Task directions >> From the data below, copy out every line in which the word "with" occurs.

Extracted material >>
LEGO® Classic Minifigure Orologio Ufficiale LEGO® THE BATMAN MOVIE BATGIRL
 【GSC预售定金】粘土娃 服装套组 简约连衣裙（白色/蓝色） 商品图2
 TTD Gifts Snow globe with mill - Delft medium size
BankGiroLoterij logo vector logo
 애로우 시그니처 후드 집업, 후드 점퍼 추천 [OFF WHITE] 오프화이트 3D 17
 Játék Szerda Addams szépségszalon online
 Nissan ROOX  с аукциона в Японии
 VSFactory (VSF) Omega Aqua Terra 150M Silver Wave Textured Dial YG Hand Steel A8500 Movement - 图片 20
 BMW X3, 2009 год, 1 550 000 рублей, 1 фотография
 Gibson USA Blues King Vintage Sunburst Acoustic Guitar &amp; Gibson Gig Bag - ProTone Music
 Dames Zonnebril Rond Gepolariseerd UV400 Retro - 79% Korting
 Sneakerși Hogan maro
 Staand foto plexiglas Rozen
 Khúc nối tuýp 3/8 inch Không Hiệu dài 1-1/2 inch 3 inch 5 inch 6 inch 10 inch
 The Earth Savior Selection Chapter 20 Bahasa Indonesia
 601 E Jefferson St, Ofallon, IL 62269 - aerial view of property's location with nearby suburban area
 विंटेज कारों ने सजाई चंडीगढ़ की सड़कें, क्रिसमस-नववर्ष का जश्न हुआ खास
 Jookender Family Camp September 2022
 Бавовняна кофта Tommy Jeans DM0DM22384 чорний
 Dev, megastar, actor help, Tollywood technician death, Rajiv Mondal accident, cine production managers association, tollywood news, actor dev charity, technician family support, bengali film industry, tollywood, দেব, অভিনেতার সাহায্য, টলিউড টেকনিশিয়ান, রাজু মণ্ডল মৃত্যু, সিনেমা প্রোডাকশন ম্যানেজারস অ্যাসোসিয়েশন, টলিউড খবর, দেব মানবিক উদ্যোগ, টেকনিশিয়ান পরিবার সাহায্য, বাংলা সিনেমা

Answer to the problem >>
 TTD Gifts Snow globe with mill - Delft medium size
 601 E Jefferson St, Ofallon, IL 62269 - aerial view of property's location with nearby suburban area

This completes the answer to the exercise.